Washington, DC – August 20, 2015 – Swedish exchange students who studied in India and in central Africa returned from their sojourns with an increased diversity of antibiotic resistance genes in their gut microbiomes. The research is published 10 August in Antimicrobial Agents and Chemotherapy, a journal of the American Society for Microbiology.

In the study, the investigators found a 2.6-fold increase in genes encoding resistance to sulfonamide, a 7.7-fold increase in trimethoprim resistance genes, and a 2.6-fold increase in resistance to beta-lactams, all of this without any exposure to antibiotics among the 35 exchange students. These resistance genes were not particularly abundant in the students prior to their travels, but the increases are nonetheless quite significant.

The germ of the research was concern about the burgeoning increase in antibiotic resistance. “I am a physician specializing in infectious diseases, and I have seen antibiotics that I could safely rely on ten years ago being unable to cure my patients,” said principal investigator Anders Johansson, MD, PhD, Chief, Infection Control, Umeå University and the County Council of Våsterbotten, Sweden.

However, Johansson also questioned the conventional wisdom that overuse of antibiotics was entirely responsible for the surge in resistance, despite the fact that overuse is a huge problem. “Currently, I head an infection control department, and from this position it is very evident that resistance is no longer generated primarily in the hospital,” he explained. Instead, patients bring bacteria carrying resistance genes into the hospital as part of their own microbial communities, he said. “We hypothesized that the gut microbiome of humans serves as a vehicle for moving many different resistance genes very large distances, even in the absence of antibiotic treatment.”

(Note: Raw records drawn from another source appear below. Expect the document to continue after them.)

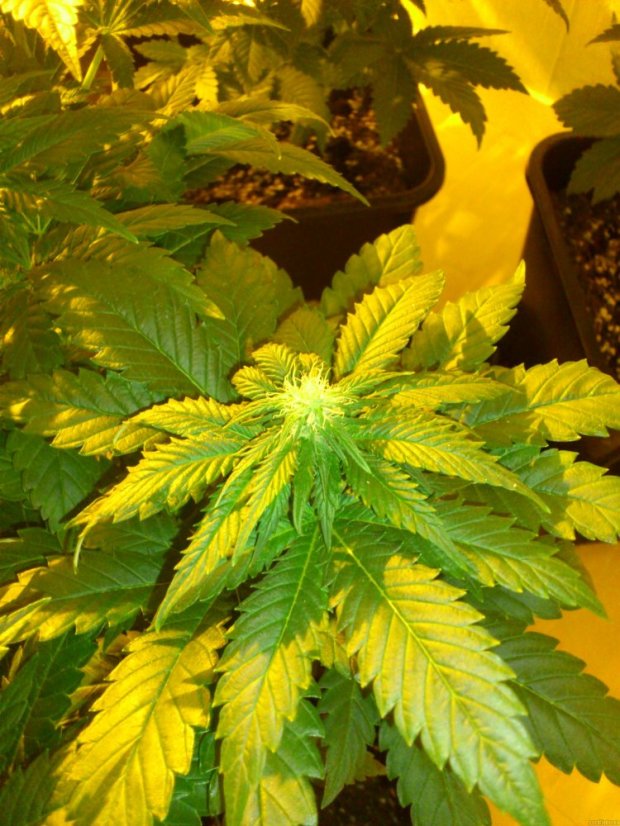 White Widow - 10 feminizowanych nasion Dinafem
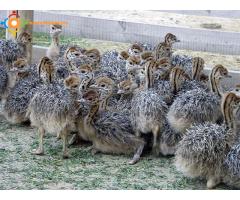 Poussins d'autruche sains et oeufs à vendre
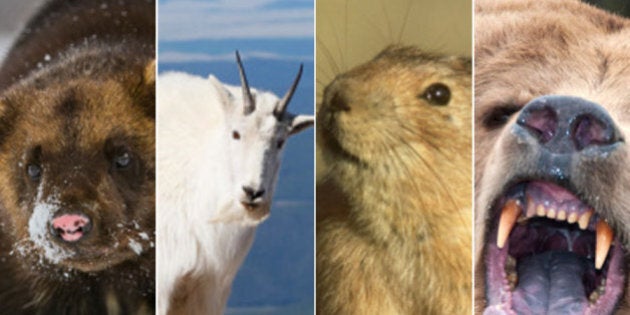 Animals In Alberta: Big, Bad And Beautiful Creatures Roam The Prairie Province | HuffPost Alberta Animals In Alberta: Big, Bad And Beautiful Creatures Roam The Prairie Province | HuffPost Alberta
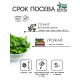 Семена Кориандр 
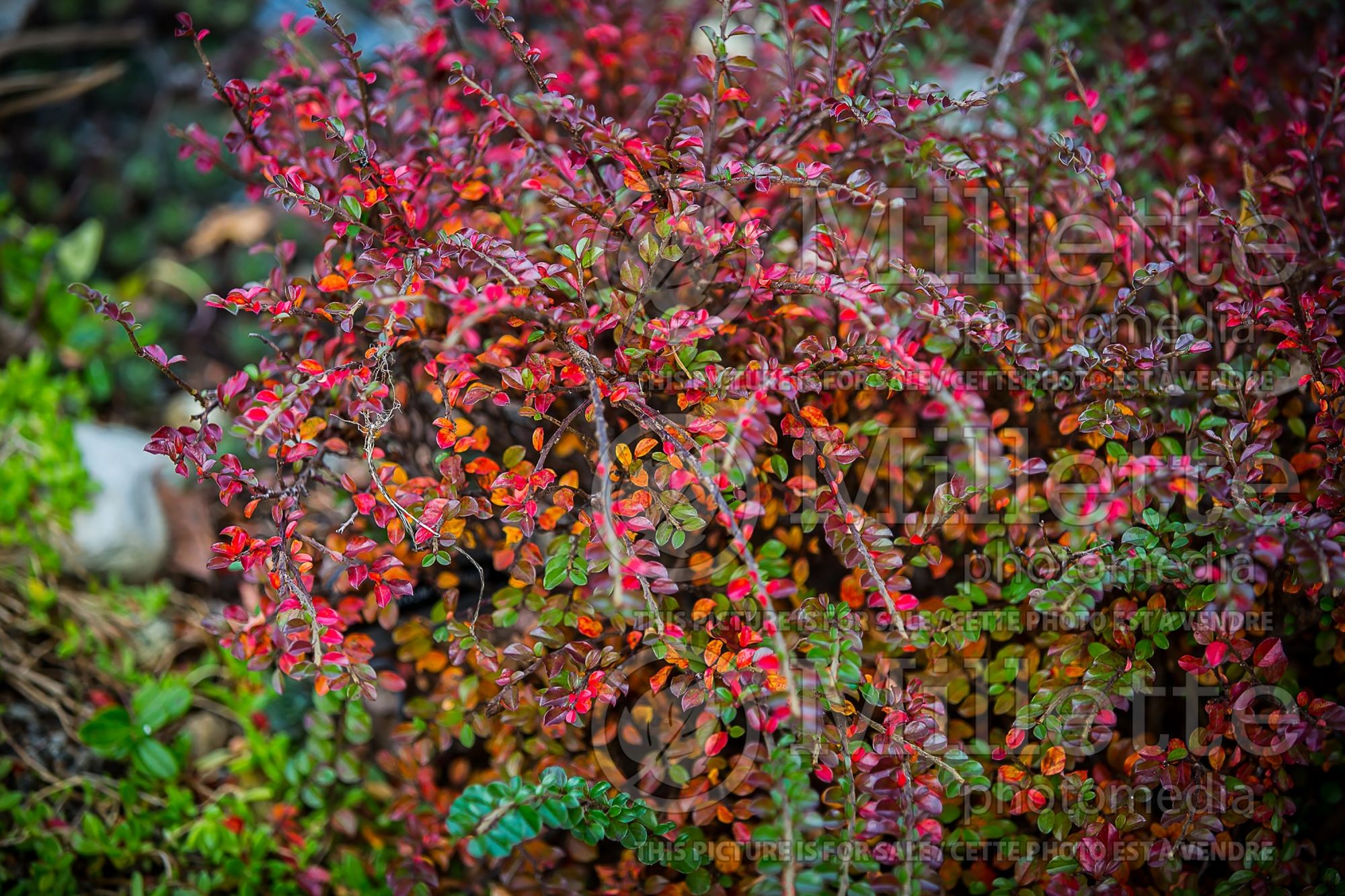 Cotoneaster Tom Thumb (Cranberry Cotonéastre) 7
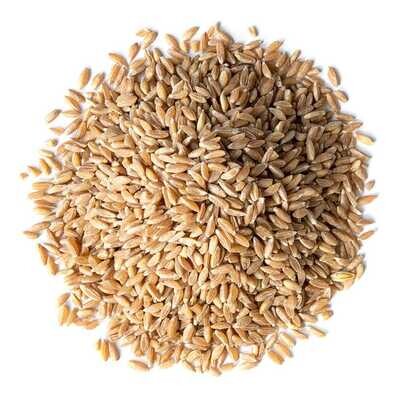 337 Spelt Grain Organic - 1 lb. (FF1)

And in fact, the increases the investigators observed in abundance and diversity of resistance genes occurred despite the fact that none of the students took antibiotics either before or during travel. The increase seen in resistance genes could have resulted from ingesting food containing resistant bacteria, or from contaminated water, the investigators write. Providing further support for the hypothesis that resistance genes increased during travel, genes for extended spectrum beta-lactamase, which dismembers penicillin and related antibiotics, was present in just one of the 35 students prior to travel, but in 12 students after they returned to Sweden.

Collecting samples of resistance genes was simple. “We asked students going abroad on exchange programs to provide a sample of their feces before and after traveling,” said Johansson. But the study was different from previous studies of this issue in using metagenomics sequencing, a modern method. That enabled the investigators to sample the entire microbiome of each student, and to sequence every resistance gene therein, rather than focusing on resistance genes in those few bacterial species that grow well on culture plates.

“Our results spotlight that to reduce antibiotic resistance we need to minimize dispersal rates from the healthcare system, and importantly, at the societal level,” said Johansson. Suppressing further spread after travelers return to their home countries is crucial, and depends, he added, upon having well-informed citizens and a well-functioning public health system.